→ **Image-text web data**:

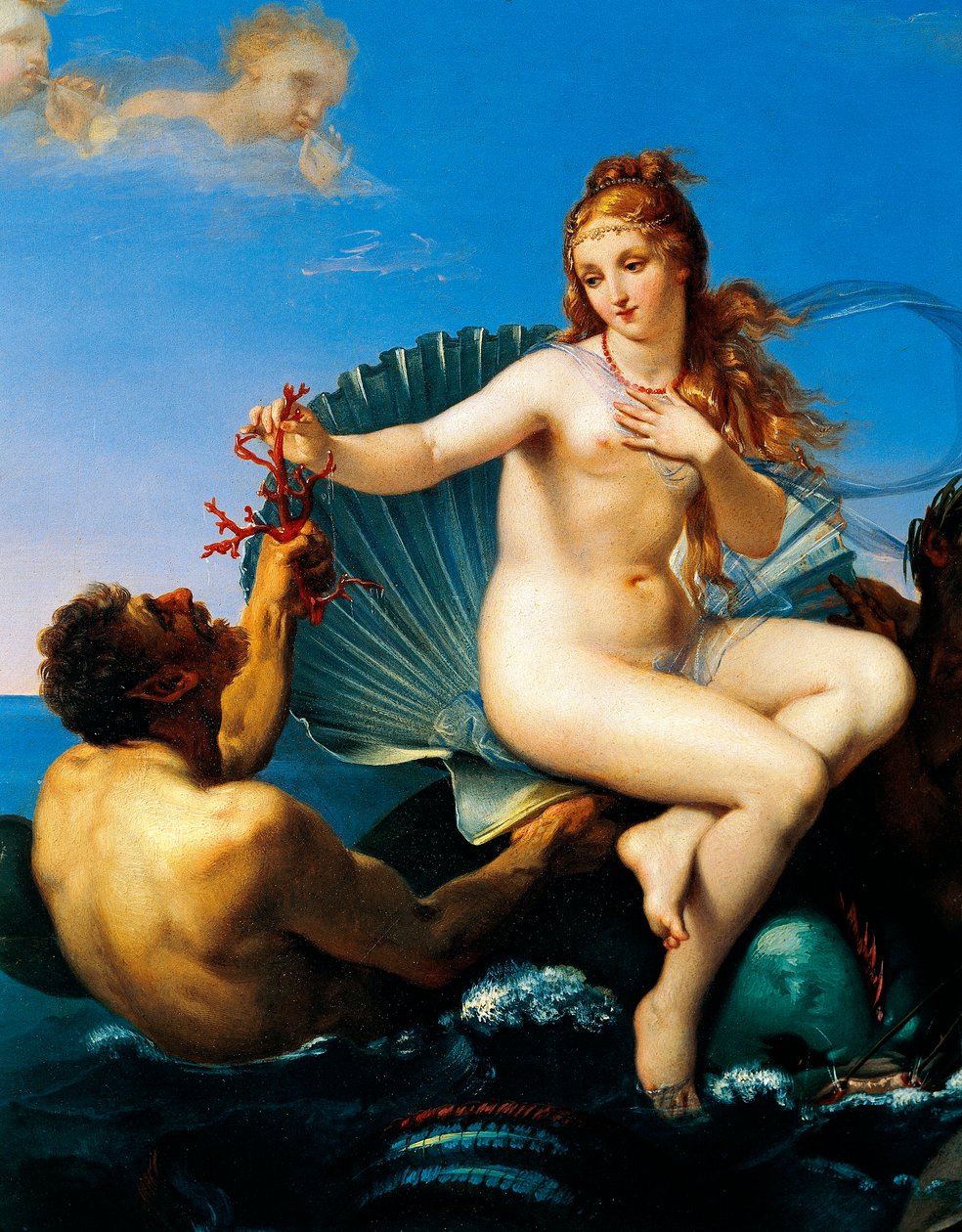 Galatea door Giuseppe Bezzuoli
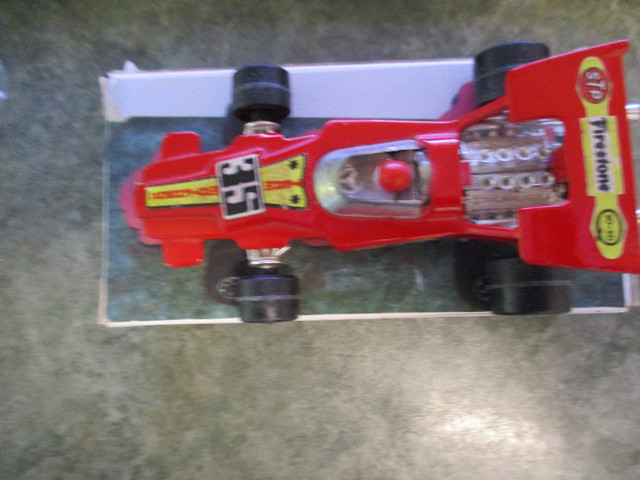 1971  LESNEY 1/32  MATCHBOX SPEED KINGS FERRARI K35 Formula F 1 in Arts & Collectibles in City of Toronto - Image 4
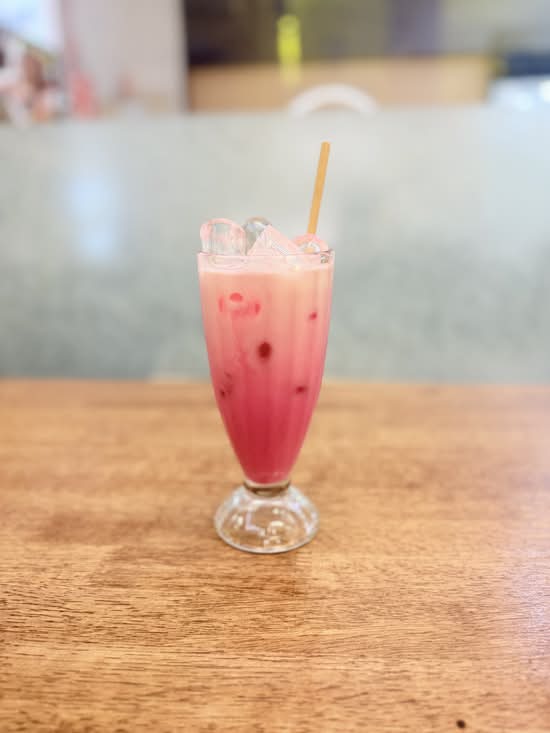 Thai Pink Milk Tea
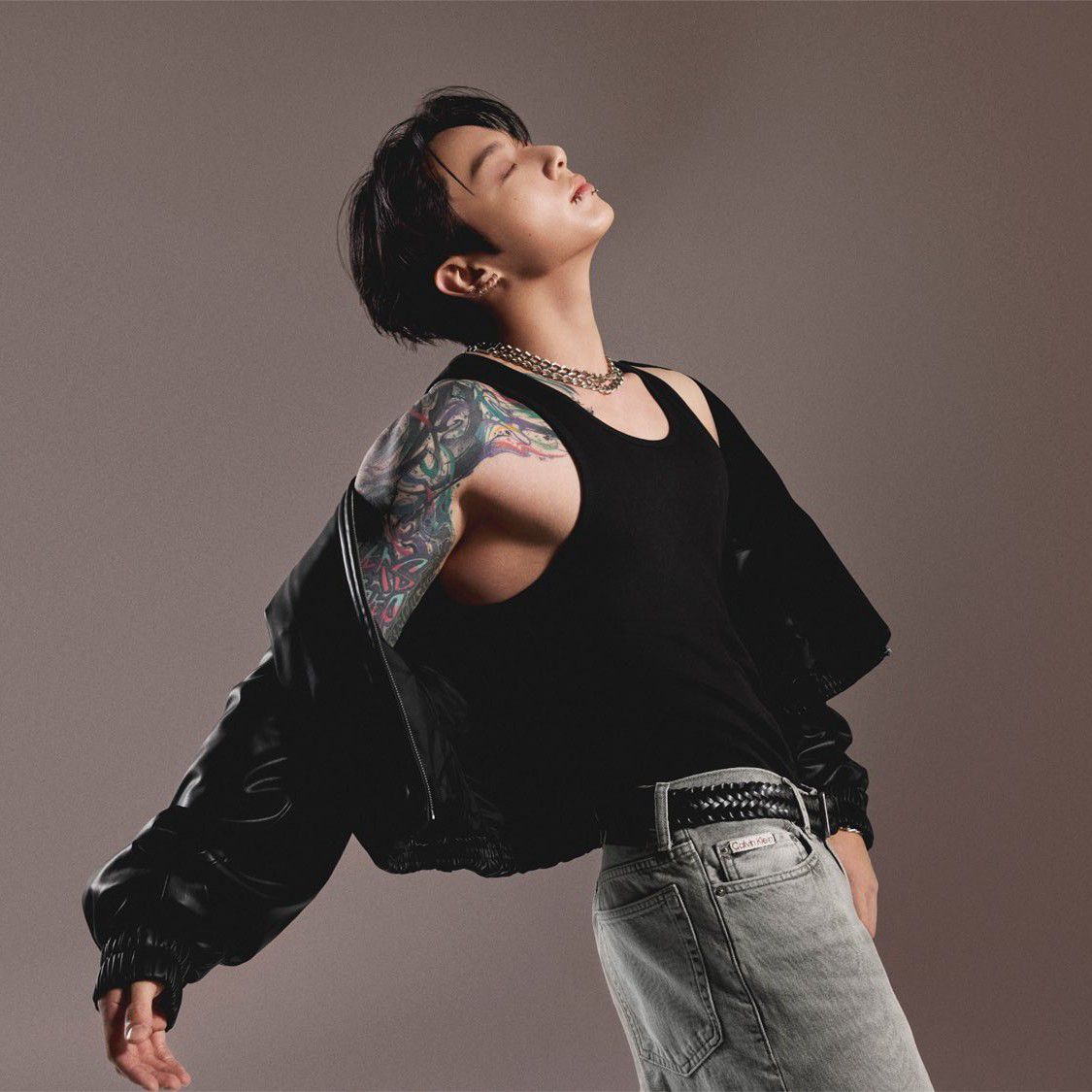 A moment captured by BTS's fan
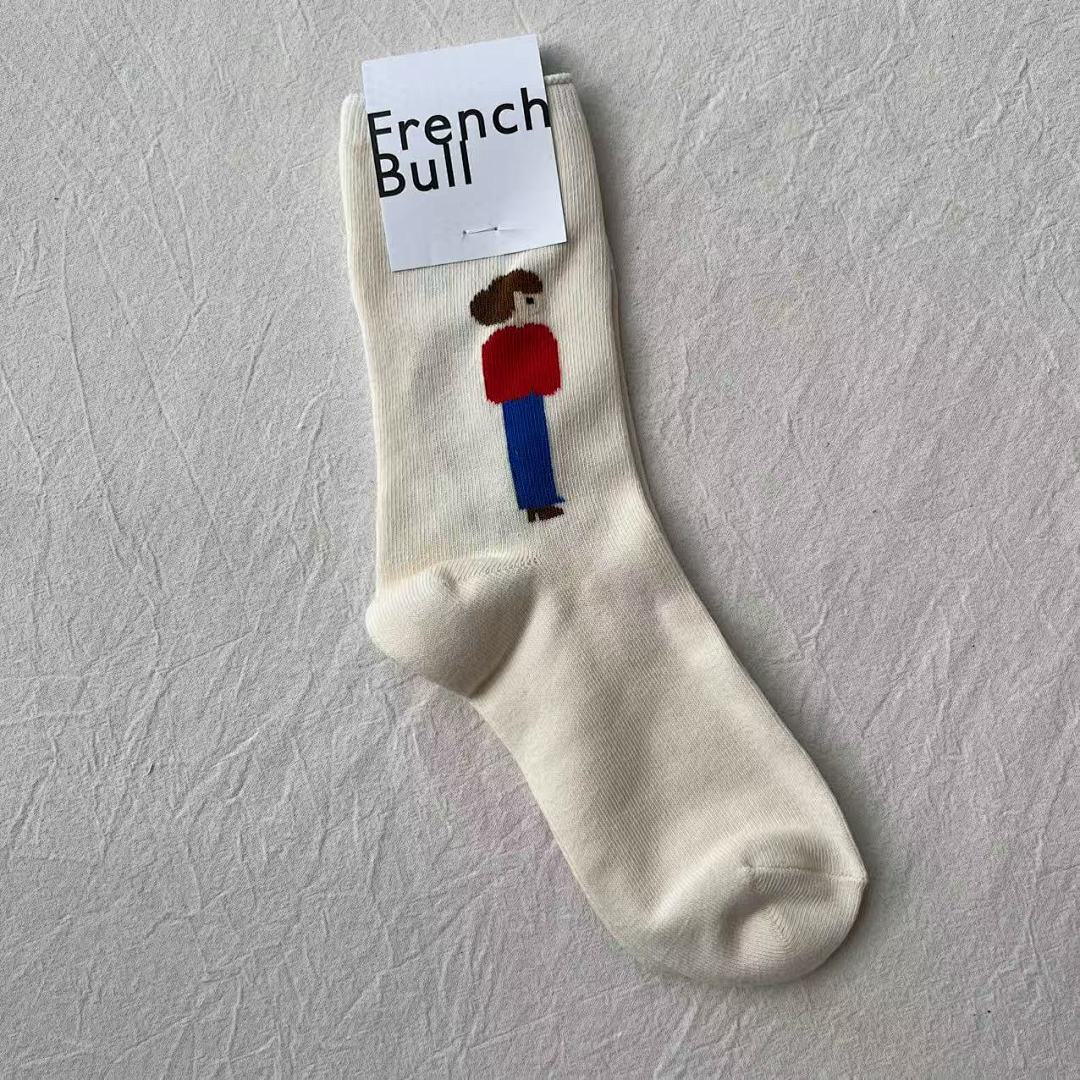 Accessiories Small Socks French Bull - Image 2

→ **PROBLEM STATEMENT**:
Copy the final stretch of the entries exactly: the line containing "A moment captured by BTS's fan" and every line after it through the last. Include no pictures and nothing more.

→ **OUTPUT**:
 A moment captured by BTS's fan
 Accessiories Small Socks French Bull - Image 2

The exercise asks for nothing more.